Se devo dire la mia madeleine, pensando a Marcel Proust, scelgo alcune fotografie del passato, ma non crediate che sia una persona nostalgica. Il passato è passato e io sono io. Solo rare volte, un profumo, un sapore, qualcosa come un bel pomodoro (sono poco poetica!), mi fa tornare indietro nel tempo a quando ero bambina e i pomodori sapevano di pomodori ed erano così buoni. In casa mia ci sono tanti oggetti da cui potrei separarmi, mentre mi dispiacerebbe perdere alcuni ricordi e i trofei dei vari premi letterari che ho vinto (tutti, importanti e meno importanti, anche se alcuni fanno... terrore!). Il potere evocativo degli oggetti è innegabile. Anche in casi drammatici. Penso all'impressione devastante che suscitano quelle poche misere cose che i prigionieri di Terezin e Auschwitz riuscirono a tenere con sè. Penso al museo dell'immigrazione di Ellis Island a New York, all'esposizione di oggetti appartenuti ai migranti.

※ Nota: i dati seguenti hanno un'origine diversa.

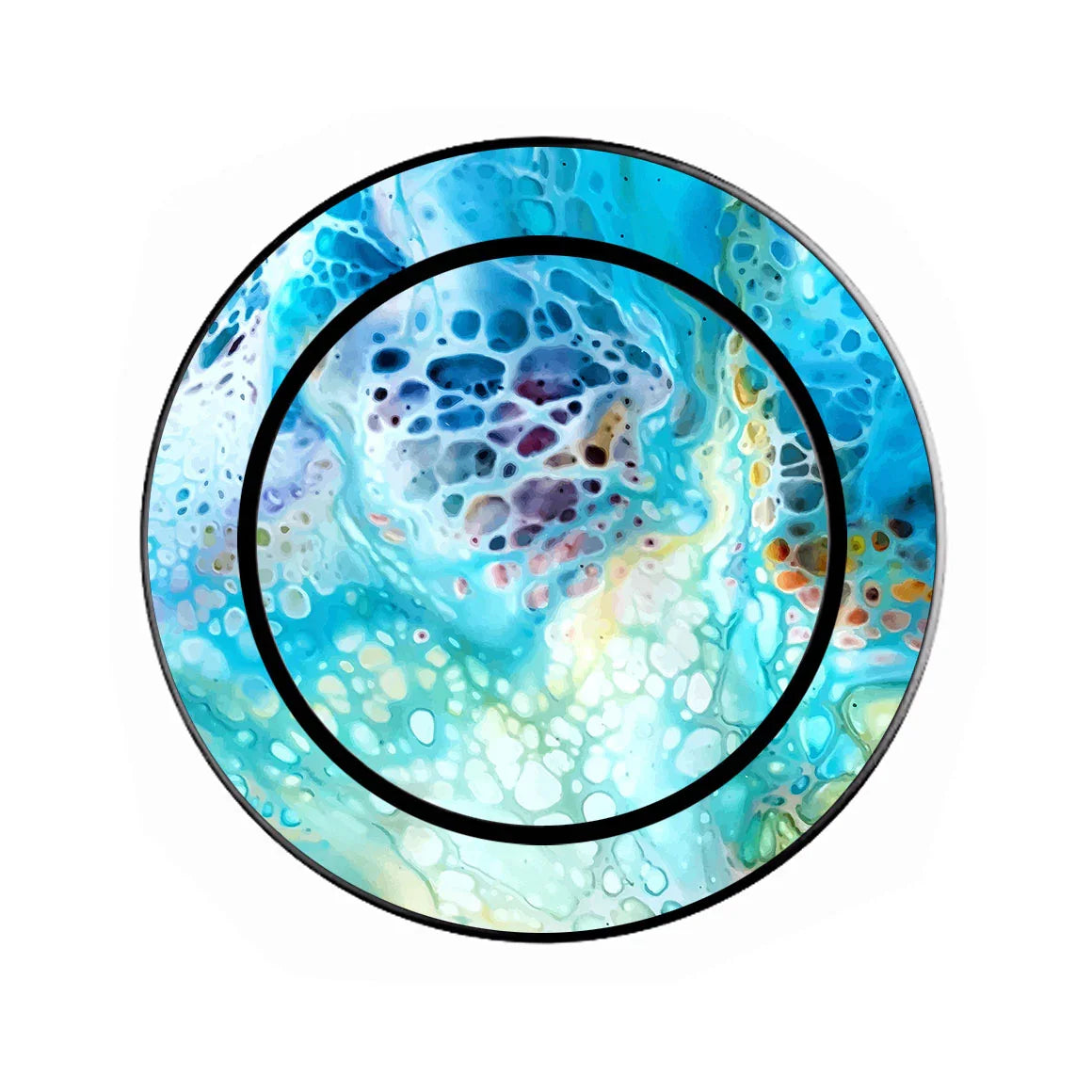 Magnetic Phone Grip with Stand Oil Paint Series Arctic Waves 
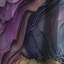 Bleu / violet / abstrait Geode III - Rideau de marbre abstrait - Rideau de marbre occultant - 1 panneaux-107540222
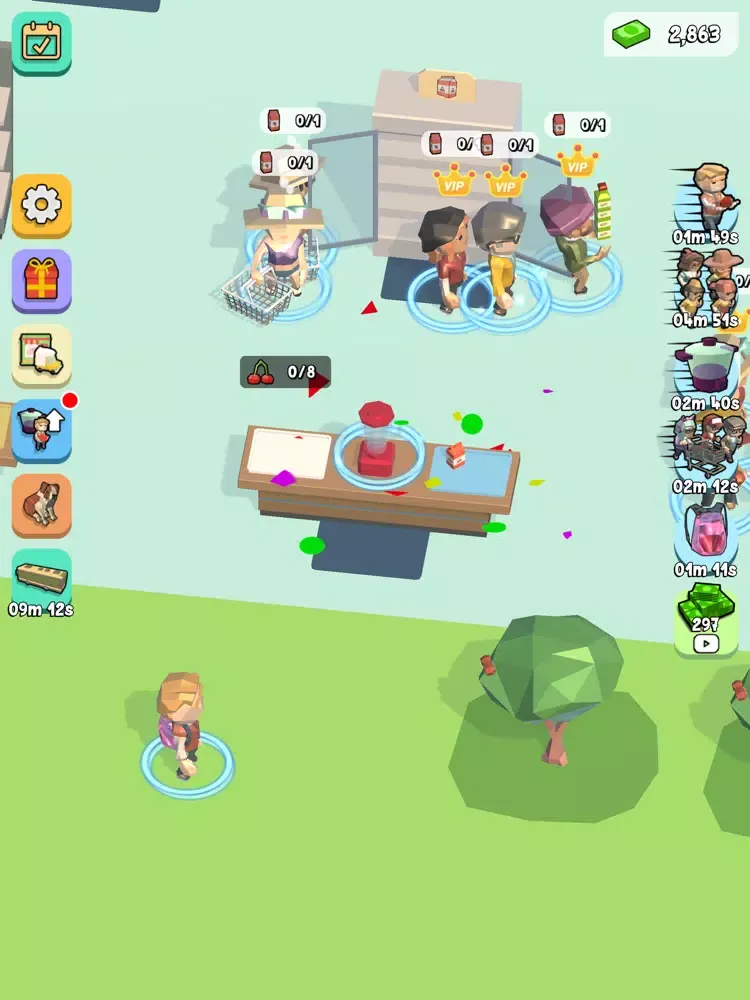 ภาพหน้าจอของ Mini Candy Mart iPad 
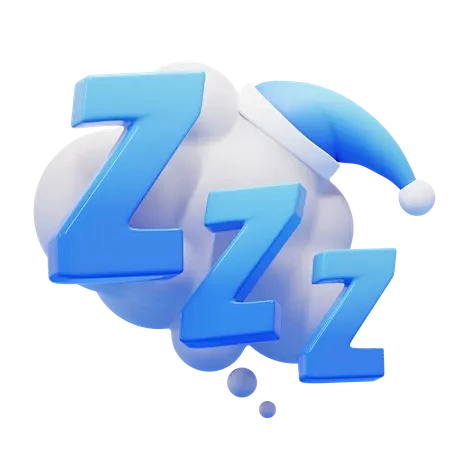 Zzz 3D Icon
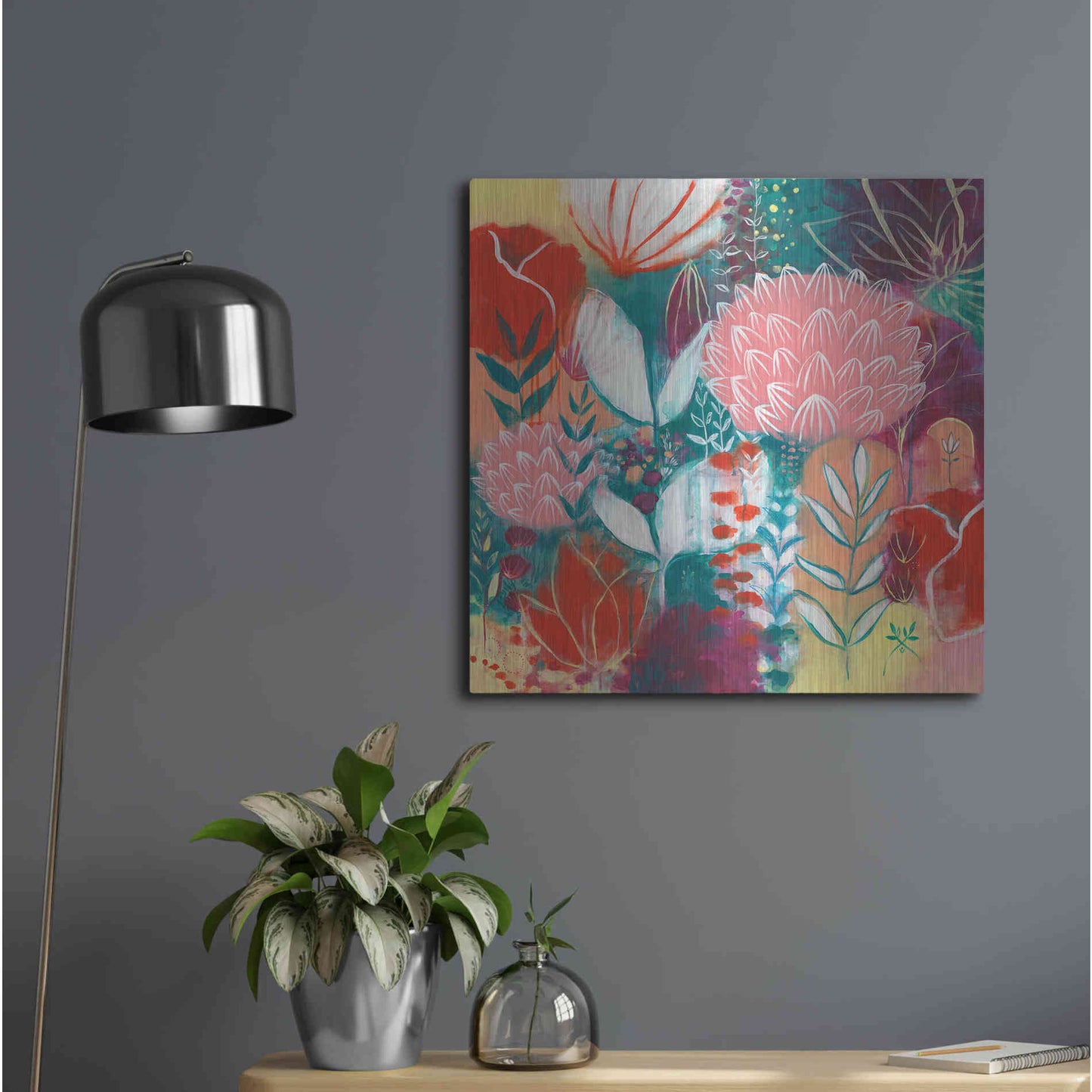 Luxe Metal Art 'Sensuality by Corina Capri Metal Wall Art,24x24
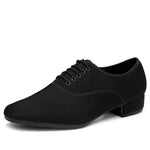 Salsa Dance Shoes for Men - Professional Soft Sole Lace Up Breathable Mesh Ballroom Dancing Shoes for Latin Tango & Modern Dance Practice - DancerInn  - 32687990669495 - 32687990669495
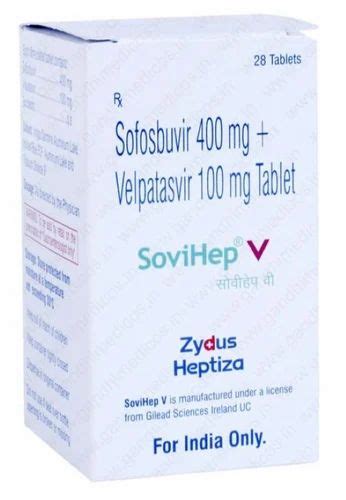 Sovihep V Sofosbuvir And Velpatasvir Tablets 400 Mg 100 Mg At Rs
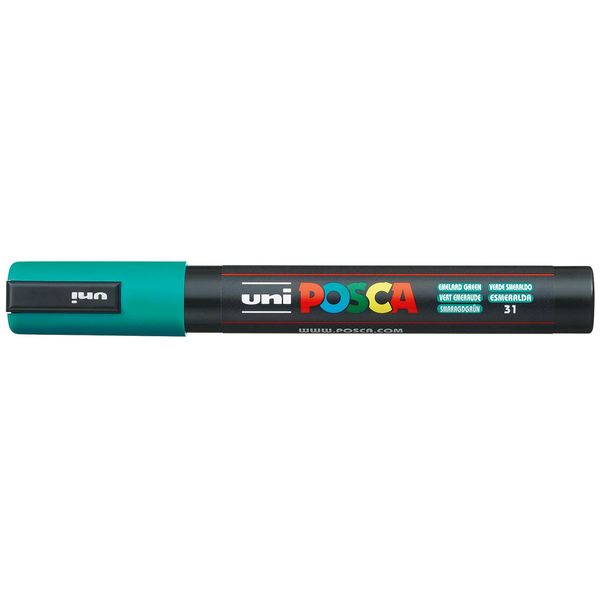 Posca PC5M Vem Marcatore A Pigmenti Posca PC-5M, Verde Smeraldo-image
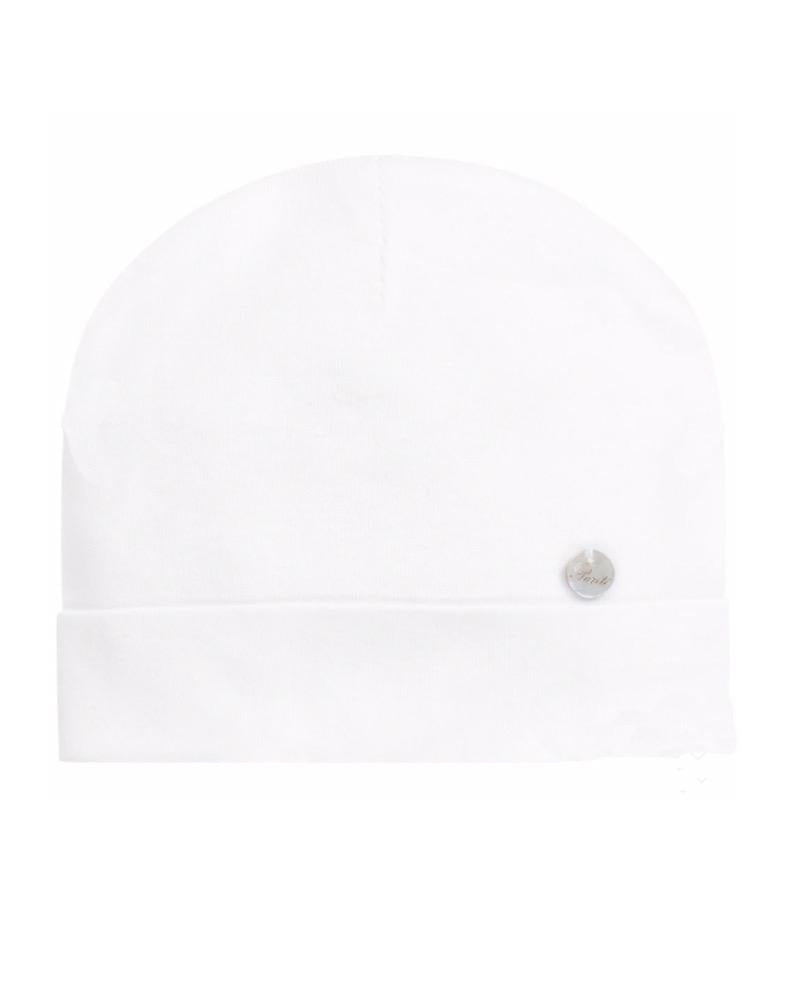 Baby Unisex White Hat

Personalmente, non farei pazzie economiche per nessun oggetto. Non capisco le persone che spendono cifre esorbitanti. Sfugge alla mia capacità di comprensione chi paga una fortuna per aggiudicarsi un cimelio di Elvis Presley. Mi chiedo: non conoscono un altro modo di sprecare il loro denaro? Se fossi un giudice, li condannerei a qualche lavoro socialmente utile. Quanto ai quadri o agli oggetti d'arte, perché possederli se si trovano nei musei dove tutti possiamo vederli? Faccio però un'eccezione: gli oggetti d'arte popolare. Li trovo bellissimi e ho acquistato in Messico una vergine di legno intagliata e dipinta in modo piuttosto rozzo che mi commuove ogni volta che la guardo. Incarna l'anima del Messico. È l'oggetto di mia proprietà più prezioso fra tutti quelli che ho.
(Alicia Giménez-Bartlett è nata ad Almansa e vive dal 1975 a Barcellona. Ha insegnato per 13 anni letteratura spagnola e, dopo il successo dei suoi romanzi, ha deciso di dedicarsi completamente alla scrittura. La serie con protagonista l'ispettrice della Policia Nacional di Barcellona, Petra Delicado, l'ha consacrata come una delle gialliste più note e amate. Uscita in Italia per Sellerio, ha venduto nel nostro Paese oltre un milione e mezzo di copie, ne è stata tratta anche una serie tv in onda su Sky e Now tv. Ha scritto anche numerose opere di narrativa non di genere, tra cui: Una stanza tutta per gli altri (2003, Premio Ostia Mare Roma) e Uomini nudi (2016, Premio Planeta). Nel 1997 le è stato assegnato il Premio Femenino Lumen per la miglior scrittrice spagnola. Nel 2006 ha vinto il Premio Piemonte Grinzane Noir, nel 2008 il Raymond Chandler Award del Courmayeur Noir in Festival, nel 2011 il Premio Nadal e nel 2015 il Premio Pepe Carvalho. Il suo ultimo libro è Autobiografia di Petra Delicado).